Et qu’est-ce que l’expérience ? C’est une sorte d’intermédiaire avec le sens.

Chacun son "paysage"


Quand je perçois le monde externe, quand je me développe quotidiennement en lui, non seulement je le constitue avec des représentations qui me permettent de m’y reconnaître et d’agir, mais je le constitue en plus avec des systèmes coprésents de représentation. Cette structuration que je fais avec le monde, je l’appelle “paysage“ et je constate que la perception du monde est toujours la reconnaissance et l’interprétation d’une réalité, en accord avec mon paysage.

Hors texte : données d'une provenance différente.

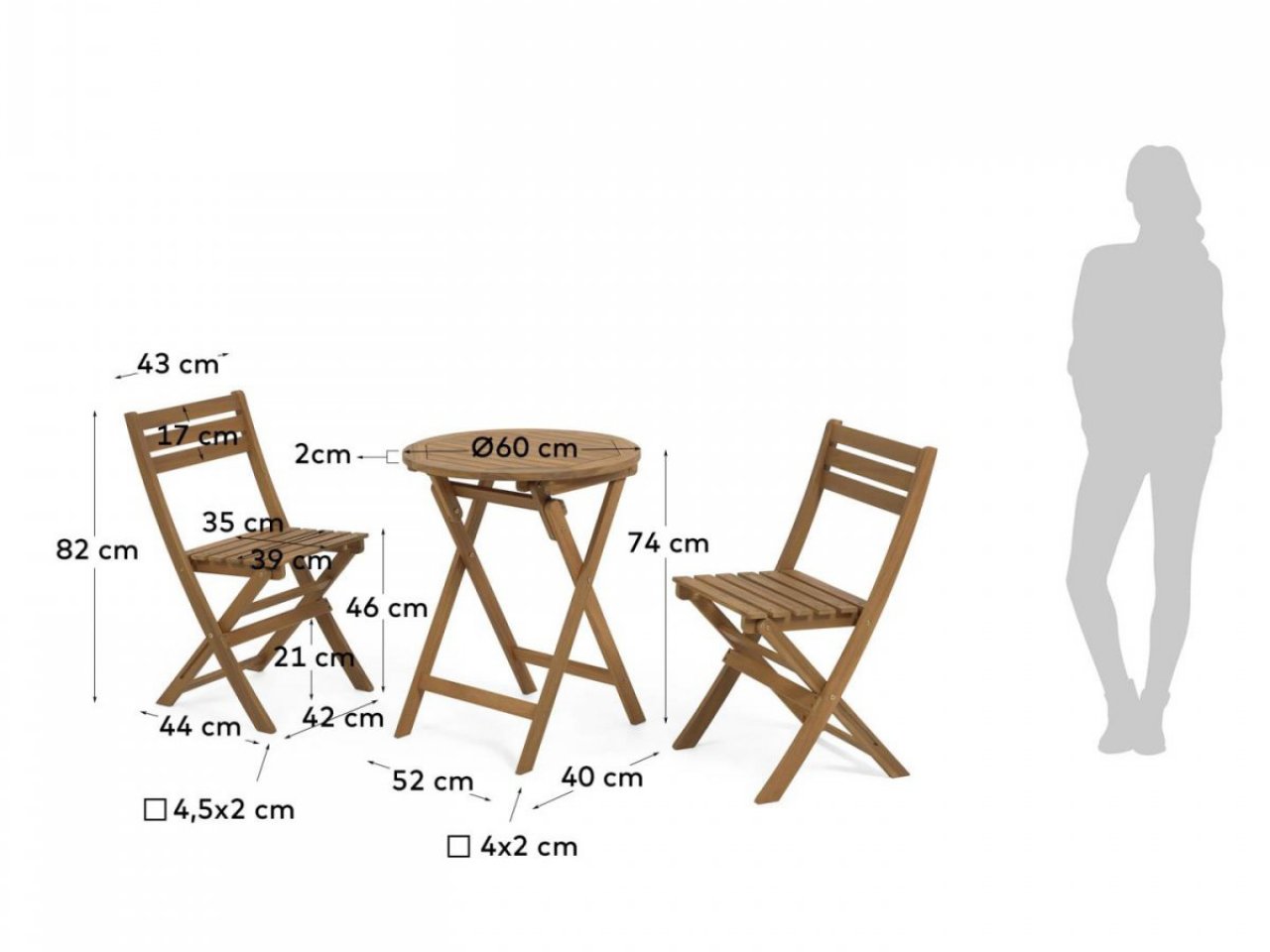 Set tavolo e 2 sedie pieghevoli Ellis in legno -1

Ce monde que je prends pour la réalité même, c’est ma propre biographie en action et cette action de transformation que j’effectue dans le monde, c’est ma propre transformation. Et quand je parle de mon mode interne, je parle également de l’interprétation que j’en fais et de la transformation que j’effectue en lui. 

Silo: Psychologie de l’Image, 1990  

2016/09/01

Se rendre compte qu’on existe!

On est ce que l’on fait et c’est ce l’on croit. Ton futur sera selon ce que tu crois, c’est ainsi. Selon l’image que j’ai, mon futur sera ainsi. Selon le Dieu que tu appelles, il sera d’une forme ou d’une autre. Le dieu que tu appelles viendra, c’est la même chose avec le guide, viendra celui que tu appelles et non un autre…, cela pourrait être ainsi mais ça dépend de ce que tu veux faire de ta vie. Il existe beaucoup de ces êtres et tu peux les appeler. Nous avons cette capacité de faire ça, mais nous ne nous le proposons jamais. Ceci est possible si je lui donne de la permanence.

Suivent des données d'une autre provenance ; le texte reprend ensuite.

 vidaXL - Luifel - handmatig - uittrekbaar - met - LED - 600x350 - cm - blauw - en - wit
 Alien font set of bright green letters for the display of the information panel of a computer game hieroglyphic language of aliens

Si tu t’acharnes tu peux mettre en marche des forces internes très profondes, de plus, certaines qui attendent que tu les appelles. « Nous sommes une brise dans un coin perdu d’un Univers ». Ceci est beaucoup plus que ce qu’on imagine … Seul, les grandes nécessités peuvent réveiller de leur sommeil millénaire les Guides les plus profonds…

…Être conscient de soi-même est une chose très inspiratrice…Se rendre compte qu’on existe !, faire attention…, diriger l’attention…, est une avancée. Mais ça ne rapporte rien, ça ne donne pas d’argent. A quoi ça sert … ? On est dans l’externe, on rêve. Etre conscient de soi est une chose inspiratrice (c’est une porte qui s’ouvre), me rendre compte que j’existe ! De moi-même ! Investir dans ça c’est ce qui rapporte le plus. C’est le meilleur placement en bourse… se rendre compte… prendre conscience de soi. Si tu y ajoutes ces actions qui transcendent le personnel, si de plus tu l’accompagne de travaux énergétiques… ceci est une technologie de pointe. Pour que l’autre puisse t’entendre il faut que tu profites des recoins du chemin parce que sinon, il ne peut t’écouter, il doit être en échec, s’arrêter.